The Courage Foundation’s Advisory Board, already comprising whistleblowers, tech experts, scholars, and activists, continues to grow. Earlier this week we announced Slavoj Žižek joined our board, and today we are excited to welcome Pulitzer Prize-winning journalist Chris Hedges aboard.
Hedges, a former war correspondent for the New York Times, now writes a column for Truthdig, where he covers various topics surrounding threats to our civil liberties and champions those fighting against those threats.
In a debate about Edward Snowden’s actions, Hedges said, “If there are no Snowdens, if there are no Mannings, if there are no Assanges, there will be no free press.”
In February, Hedges wrote ‘Edward Snowden’s Moral Courage,’ a speech praising the NSA whistleblower’s conscientious efforts, and expanding on why we need whistleblowers if we want a free press:
There is no free press without the ability of the reporters to protect the confidentiality of those who have the moral courage to make public the abuse of power.
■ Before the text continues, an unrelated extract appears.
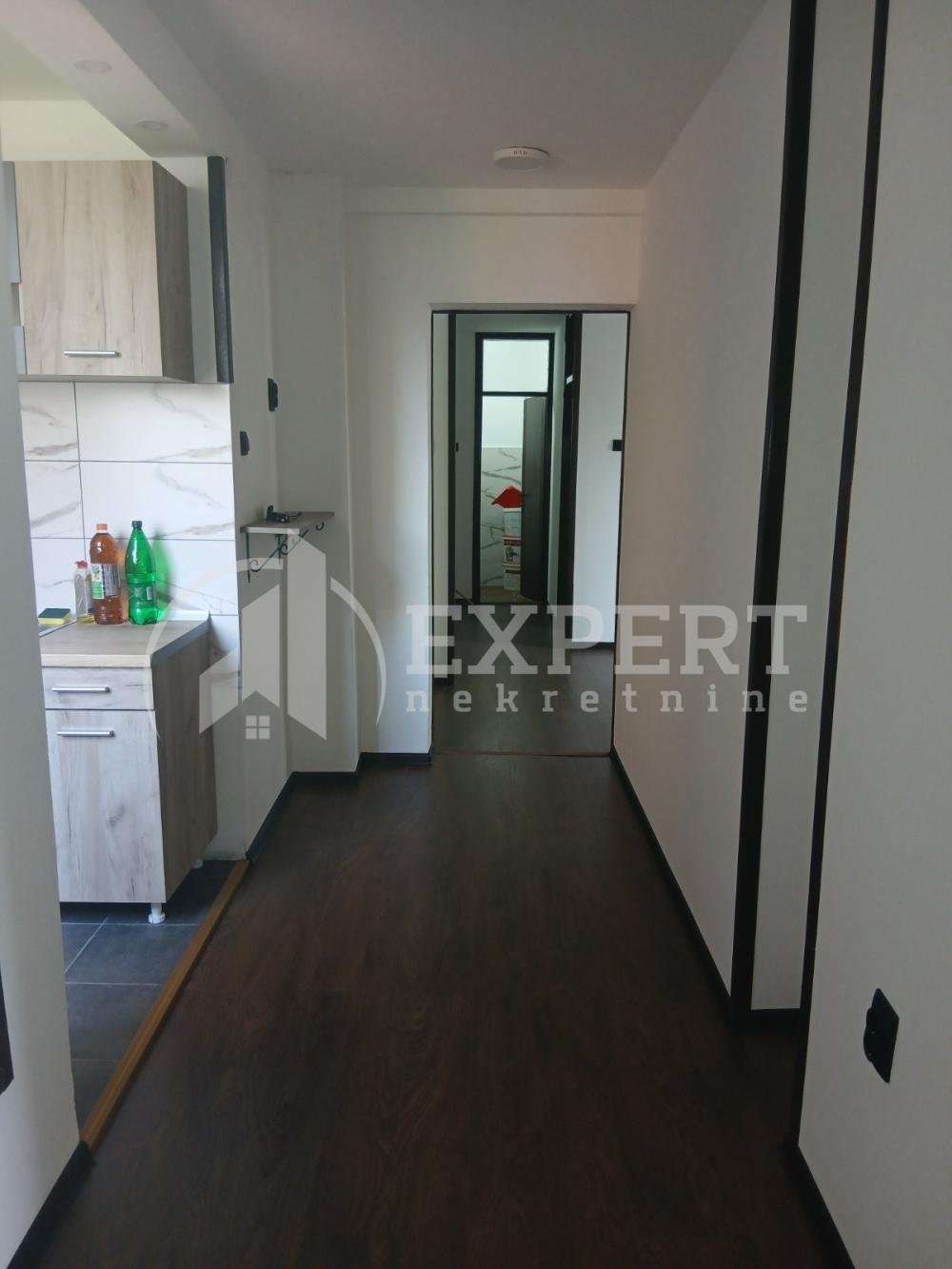 Slika 3 - Bulevar Nemanjića,  Lokal za izdavanje, 82m2, 500€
Those few individuals inside government who dared to speak out about the system of mass surveillance have been charged as spies or hounded into exile. An omnipresent surveillance state—and I covered the East German Stasi state—creates a climate of paranoia and fear. It makes democratic dissent impossible. Any state that has the ability to inflict full-spectrum dominance on its citizens is not a free state.
In 2013, Hedges lauded Courage beneficiary Jeremy Hammond for exposing the state’s plan to criminalise democratic dissent. He attended and reported on Hammond’s sentencing, which he called “draconian.”